15. IPU embedded application runtime

The embedded application runtime allows you to run a compiled TensorFlow executable as part of a TensorFlow graph. This enables embedding the executable in a larger and more complex system, while also utilising IPUs. This runtime appears in the TensorFlow graph as a custom CPU operation.

Example of embedded application graph

Fig. 15.1 An arbitrary compute graph (left) with a possible IPU subgraph identified (middle), and a possible embedding of an executable (right)

The executable can be built with infeeds and outfeeds that maximise the performance of the compiled application on the IPU. The feeds are presented to the TensorFlow graph as standard inputs and outputs on the call operation. These can be connected to other TensorFlow operations as part of a larger graph.

Any mutable variables used inside the application are passed once in the call to start. This minimises redundant communication with the IPUs.

Applications access this functionality through the tensorflow.python.ipu.embedded_runtime.embedded_runtime_start() and tensorflow.python.ipu.embedded_runtime.embedded_runtime_call() helper functions.

15.1. Usage

The IPU embedded application runtime relies on instances of the RuntimeContext class to coordinate the startup and calls to the Poplar engine. This object is created with a call to tensorflow.python.ipu.embedded_runtime.embedded_runtime_start().

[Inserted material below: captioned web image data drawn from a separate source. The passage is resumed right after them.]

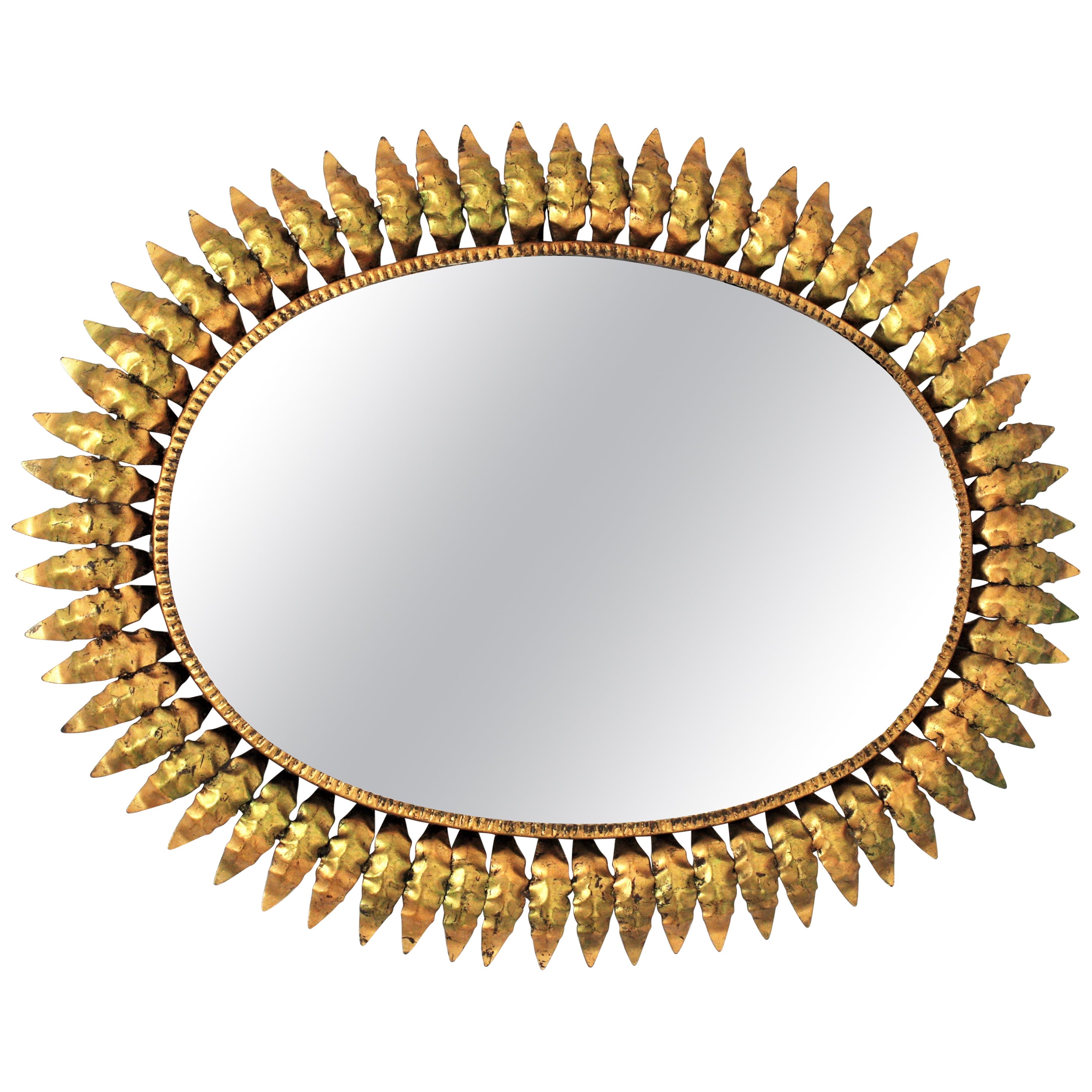 Spanischer ovaler Spiegel mit Sonnenschliff aus vergoldetem Eisen, 1950er Jahre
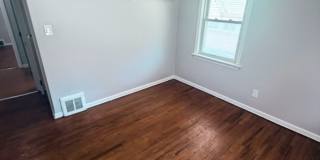A Single family home with Garage in Garfield Heights Gallery 14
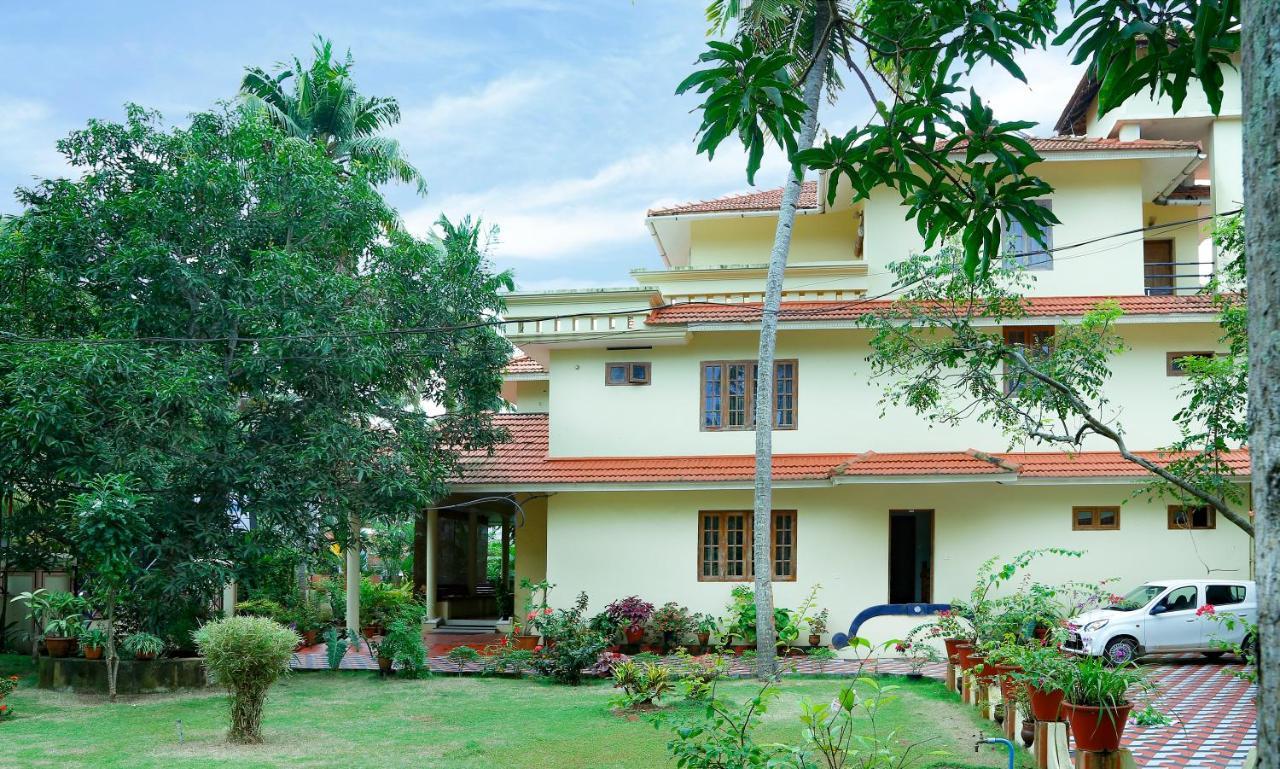 La Exotica Hotel Varkala Bagian luar foto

from tensorflow.python.ipu import embedded_runtime
...
context = embedded_runtime.embedded_runtime_start(
  poplar_exec_filepath, startup_inputs, engine_name)

The startup_inputs can be a list of tensors or a name-value dictionary of tensors, where the names correspond to the name of the XLA inputs.

The created object is then passed to the call site where the tensorflow.python.ipu.embedded_runtime.embedded_runtime_call() function can be called. The context object ensures all appropriate metadata is passed, and control dependencies are created.

Once the IPU embedded application runtime has been created and used within the session, the Poplar engine will be running in a background thread. This thread can outlive the TensorFlow session.

15.2. Pipelining and I/O tiles

When running a pipelined application, or an application with I/O tiles, we must handle the additional layer of pipelining. This is a result of there being multiple batches of data resident in the device at the same time.

There are two ways to manage this. The first is by submitting multiple requests in parallel. The second is to provide a maximum timeout that the application should wait for additional data.

15.2.1. Parallel requests

To ensure the application isn’t starved of data you can submit multiple batches of data in parallel in multiple threads. These will be enqueued and processed as early as possible by the device.

When an application is pipelined, these parallel batches of data will overlap in time as they are processed by the devices. This improves the overall utilisation of the devices and minimises the batch latency.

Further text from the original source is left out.